As users with admin rights can install anything on their machines, rights management is not just a security issue it is also a Software Asset Management and compliance challenge. With administrator rights, users don’t need to contact the SAM team or use their organization’s self-service portal to request software, they can bypass routines and download the packages they need from any source that will provide it. The security risk is high; as such software is likely to include viruses, malware, or Trojans. And if nothing else, it is illegal to use software without a valid license. Vendors who discover instances of their software downloaded from an unauthorized torrent are likely to impose hefty fines and the offending organization runs the risk of harming their brand. So, if the stakes are so high, why do organizations grant admin rights to users at all? I believe that organizations want to empower their users to be productive. Have you ever found yourself in the situation where you’re trying to download an application and you can’t because your machine refuses to install it due to your lack of permissions? Well, it’s nothing short of extremely frustrating. In some cases, it may even cause you to fail to deliver, potentially damaging to your business. The good news for organizations is that a solution exists – one that will keep everyone happy. One that enables organizations to restrict admin rights, provide users with the access they want, maintain compliance, and reduce risk.

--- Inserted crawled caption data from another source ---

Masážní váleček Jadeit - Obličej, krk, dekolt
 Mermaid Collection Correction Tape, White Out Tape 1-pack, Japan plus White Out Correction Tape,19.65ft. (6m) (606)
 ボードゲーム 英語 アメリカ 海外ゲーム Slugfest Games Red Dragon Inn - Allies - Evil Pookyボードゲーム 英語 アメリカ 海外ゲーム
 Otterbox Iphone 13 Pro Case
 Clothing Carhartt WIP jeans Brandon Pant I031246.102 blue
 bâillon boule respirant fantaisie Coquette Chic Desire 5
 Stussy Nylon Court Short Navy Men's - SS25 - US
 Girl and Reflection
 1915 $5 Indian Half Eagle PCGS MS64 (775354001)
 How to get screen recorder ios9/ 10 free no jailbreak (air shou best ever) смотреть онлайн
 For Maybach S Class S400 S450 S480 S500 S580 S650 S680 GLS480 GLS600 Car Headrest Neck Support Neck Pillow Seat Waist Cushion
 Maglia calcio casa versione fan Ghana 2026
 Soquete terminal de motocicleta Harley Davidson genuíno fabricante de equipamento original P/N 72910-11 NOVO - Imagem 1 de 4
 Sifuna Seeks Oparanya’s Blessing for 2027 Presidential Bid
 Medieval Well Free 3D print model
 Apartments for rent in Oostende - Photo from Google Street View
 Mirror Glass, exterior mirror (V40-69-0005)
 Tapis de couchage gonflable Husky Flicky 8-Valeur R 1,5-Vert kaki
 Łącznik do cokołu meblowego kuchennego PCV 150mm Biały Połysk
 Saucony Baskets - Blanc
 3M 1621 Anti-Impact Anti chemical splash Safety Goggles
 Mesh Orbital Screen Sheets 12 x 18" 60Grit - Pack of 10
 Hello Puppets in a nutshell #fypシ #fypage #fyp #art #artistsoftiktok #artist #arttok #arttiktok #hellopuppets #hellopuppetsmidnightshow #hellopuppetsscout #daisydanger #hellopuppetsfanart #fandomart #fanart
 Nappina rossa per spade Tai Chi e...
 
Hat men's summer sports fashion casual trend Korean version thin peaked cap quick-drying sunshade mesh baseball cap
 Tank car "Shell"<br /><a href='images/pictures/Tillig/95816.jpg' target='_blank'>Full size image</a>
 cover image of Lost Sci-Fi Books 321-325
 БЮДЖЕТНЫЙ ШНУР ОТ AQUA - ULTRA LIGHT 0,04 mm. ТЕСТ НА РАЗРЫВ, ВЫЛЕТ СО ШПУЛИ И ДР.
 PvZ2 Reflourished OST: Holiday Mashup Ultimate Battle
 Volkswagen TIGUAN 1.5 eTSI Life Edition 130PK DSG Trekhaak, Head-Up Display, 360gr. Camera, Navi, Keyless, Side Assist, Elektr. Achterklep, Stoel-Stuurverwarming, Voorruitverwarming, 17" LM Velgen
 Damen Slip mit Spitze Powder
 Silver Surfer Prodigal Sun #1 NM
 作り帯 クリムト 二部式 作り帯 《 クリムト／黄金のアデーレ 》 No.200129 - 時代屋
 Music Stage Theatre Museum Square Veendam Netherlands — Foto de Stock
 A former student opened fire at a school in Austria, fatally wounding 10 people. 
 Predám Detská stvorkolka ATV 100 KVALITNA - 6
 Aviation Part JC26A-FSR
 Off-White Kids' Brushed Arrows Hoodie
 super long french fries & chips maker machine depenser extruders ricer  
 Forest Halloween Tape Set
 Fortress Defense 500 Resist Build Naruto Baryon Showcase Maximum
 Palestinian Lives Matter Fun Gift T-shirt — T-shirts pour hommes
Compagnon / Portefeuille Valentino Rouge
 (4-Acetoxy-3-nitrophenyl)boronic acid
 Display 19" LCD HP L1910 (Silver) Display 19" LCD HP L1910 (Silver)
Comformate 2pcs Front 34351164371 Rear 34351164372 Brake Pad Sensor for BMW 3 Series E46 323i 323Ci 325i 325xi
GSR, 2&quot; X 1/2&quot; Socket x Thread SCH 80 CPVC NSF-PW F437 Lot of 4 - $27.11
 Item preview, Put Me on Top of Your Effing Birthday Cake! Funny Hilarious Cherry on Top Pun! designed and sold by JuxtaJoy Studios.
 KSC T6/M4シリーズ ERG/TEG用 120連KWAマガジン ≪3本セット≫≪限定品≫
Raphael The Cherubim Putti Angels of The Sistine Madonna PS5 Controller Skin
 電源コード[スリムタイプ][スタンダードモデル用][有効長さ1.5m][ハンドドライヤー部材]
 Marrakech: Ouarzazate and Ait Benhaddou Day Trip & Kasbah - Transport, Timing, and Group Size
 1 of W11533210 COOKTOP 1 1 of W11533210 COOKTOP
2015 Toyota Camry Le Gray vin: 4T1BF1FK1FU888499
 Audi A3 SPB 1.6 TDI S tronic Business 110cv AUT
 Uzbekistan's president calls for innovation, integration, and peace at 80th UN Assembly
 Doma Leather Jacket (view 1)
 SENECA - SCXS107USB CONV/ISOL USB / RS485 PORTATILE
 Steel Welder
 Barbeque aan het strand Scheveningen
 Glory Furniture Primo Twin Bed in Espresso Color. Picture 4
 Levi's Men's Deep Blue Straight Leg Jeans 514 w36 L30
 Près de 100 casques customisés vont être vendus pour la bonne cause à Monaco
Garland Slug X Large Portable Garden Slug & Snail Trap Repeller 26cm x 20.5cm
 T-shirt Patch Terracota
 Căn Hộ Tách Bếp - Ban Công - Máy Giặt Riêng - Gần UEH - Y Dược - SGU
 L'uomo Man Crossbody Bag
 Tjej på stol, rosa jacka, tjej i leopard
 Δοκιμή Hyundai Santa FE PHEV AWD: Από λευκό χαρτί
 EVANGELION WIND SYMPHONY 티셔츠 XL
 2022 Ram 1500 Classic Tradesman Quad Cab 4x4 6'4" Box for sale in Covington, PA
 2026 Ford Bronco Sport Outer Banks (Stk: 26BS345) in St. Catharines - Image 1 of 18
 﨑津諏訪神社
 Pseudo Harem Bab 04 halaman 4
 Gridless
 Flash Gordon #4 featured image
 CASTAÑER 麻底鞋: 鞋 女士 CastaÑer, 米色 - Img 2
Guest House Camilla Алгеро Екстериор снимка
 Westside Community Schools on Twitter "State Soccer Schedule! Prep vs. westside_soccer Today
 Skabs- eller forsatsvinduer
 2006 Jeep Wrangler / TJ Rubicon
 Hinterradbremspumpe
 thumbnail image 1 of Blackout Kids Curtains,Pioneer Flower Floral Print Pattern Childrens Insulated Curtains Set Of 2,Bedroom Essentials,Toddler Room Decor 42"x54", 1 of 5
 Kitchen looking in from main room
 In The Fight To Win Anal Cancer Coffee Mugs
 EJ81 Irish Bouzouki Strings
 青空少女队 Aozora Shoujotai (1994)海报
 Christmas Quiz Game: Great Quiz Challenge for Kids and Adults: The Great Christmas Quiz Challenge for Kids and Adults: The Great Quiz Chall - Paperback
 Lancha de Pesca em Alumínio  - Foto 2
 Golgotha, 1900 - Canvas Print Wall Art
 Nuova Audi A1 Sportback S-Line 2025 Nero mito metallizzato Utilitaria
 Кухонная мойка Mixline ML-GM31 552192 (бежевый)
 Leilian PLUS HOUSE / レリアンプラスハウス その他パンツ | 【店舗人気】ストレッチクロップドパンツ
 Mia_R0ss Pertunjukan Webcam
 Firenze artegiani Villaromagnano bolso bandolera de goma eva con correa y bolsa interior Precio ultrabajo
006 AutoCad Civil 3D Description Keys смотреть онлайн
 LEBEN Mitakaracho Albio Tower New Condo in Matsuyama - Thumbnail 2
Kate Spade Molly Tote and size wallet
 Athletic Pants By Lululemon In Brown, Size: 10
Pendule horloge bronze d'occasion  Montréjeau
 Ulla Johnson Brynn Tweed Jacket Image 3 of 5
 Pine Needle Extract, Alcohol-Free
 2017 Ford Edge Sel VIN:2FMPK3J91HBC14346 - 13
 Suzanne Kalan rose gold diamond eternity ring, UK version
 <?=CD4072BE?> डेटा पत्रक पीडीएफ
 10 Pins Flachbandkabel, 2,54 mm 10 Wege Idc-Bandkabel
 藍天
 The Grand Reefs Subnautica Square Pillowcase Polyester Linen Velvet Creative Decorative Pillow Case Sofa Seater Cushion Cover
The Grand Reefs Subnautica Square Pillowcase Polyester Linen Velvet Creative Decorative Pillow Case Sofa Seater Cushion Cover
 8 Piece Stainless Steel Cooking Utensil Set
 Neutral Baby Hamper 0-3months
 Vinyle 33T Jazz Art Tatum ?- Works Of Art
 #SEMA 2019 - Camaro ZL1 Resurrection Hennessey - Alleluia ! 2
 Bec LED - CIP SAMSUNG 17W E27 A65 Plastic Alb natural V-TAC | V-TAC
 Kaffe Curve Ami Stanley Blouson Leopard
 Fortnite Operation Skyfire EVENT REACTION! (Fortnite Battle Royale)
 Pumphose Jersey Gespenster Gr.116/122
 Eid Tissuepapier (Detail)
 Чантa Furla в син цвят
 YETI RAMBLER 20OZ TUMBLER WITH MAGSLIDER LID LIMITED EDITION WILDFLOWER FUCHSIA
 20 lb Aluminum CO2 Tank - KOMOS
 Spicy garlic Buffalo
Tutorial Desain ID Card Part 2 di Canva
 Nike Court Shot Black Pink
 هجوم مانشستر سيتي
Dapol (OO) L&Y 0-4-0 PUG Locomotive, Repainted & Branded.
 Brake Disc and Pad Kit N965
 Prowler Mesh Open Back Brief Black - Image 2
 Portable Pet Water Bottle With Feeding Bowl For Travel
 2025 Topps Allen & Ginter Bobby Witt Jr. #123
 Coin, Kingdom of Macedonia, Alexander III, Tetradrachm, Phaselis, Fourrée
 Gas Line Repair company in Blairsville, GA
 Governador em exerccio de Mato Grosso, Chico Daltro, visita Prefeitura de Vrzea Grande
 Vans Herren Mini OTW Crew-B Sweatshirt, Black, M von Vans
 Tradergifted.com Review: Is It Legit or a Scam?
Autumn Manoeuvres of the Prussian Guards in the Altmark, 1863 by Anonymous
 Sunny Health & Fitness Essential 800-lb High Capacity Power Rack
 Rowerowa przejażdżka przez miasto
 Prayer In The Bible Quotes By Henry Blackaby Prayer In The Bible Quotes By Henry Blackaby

Snow’s Automation Platform enables organizations to automate processes like granting of local administrator rights. The platform can put a request process in place to, for example, manage the granting of access rights for a given user for a certain period, and then revert the user back to normal settings. Like the way users request software, hardware, and cloud services, Snow’s Automation Platform includes request functionality for access permissions. The process is self-service and relies on automated messaging that is a fundamental feature of the platform, reducing the number of e-mails that typically hop between different teams, users, and approvers in a manual process. Which in turn reduces the time it takes for the process to complete, minimizes downtime in productivity, and improves user satisfaction. In Snow Automation Platform, automated workflows are constructed with out-of-the-box functionality. The process to grant elevated access rights might require several inputs from users; such as their reasons for requesting local administrator rights, start and end dates, and optionally an approval person. The request details are forwarded to the approver, who if not specified by the user may be automatically retrieved from the Active Directory. The approved request automatically grants local administrator rights to the user, with instructions on what, if anything, they need to do next. Optionally, the workflow could create and close a Service Desk ticket to centrally provide information on all tasks completed within the IT environment. Using Snow Automation Platform and Snow License Manager the organization can closely monitor the user’s activity during the period that they have admin rights to ensure they are not abusing the privilege. Regular reports and spot checks in Snow License Manager can be carried out to ensure that no unapproved or harmful software has been installed on the device. Permissions are reverted automatically at the end of the period by Snow Automation Platform. Automating workflows removes manual errors from processes, accelerates messaging and approvals, provides user satisfaction, all while remaining secure and compliant.
SAVING TIME & MONEY
Automating workflows satisfies everyone’s needs. In my scenario, users get the correct admin rights to carry out their tasks, management is content that a valid business justification has been provided, and the SAM team knows to check the user’s device in Snow for any unapproved software installs. Using Automation Platform for workflow management takes a few minutes to build the process, but once established, it can be used by everyone in the organization – with potentially massive time, cost, and labor savings.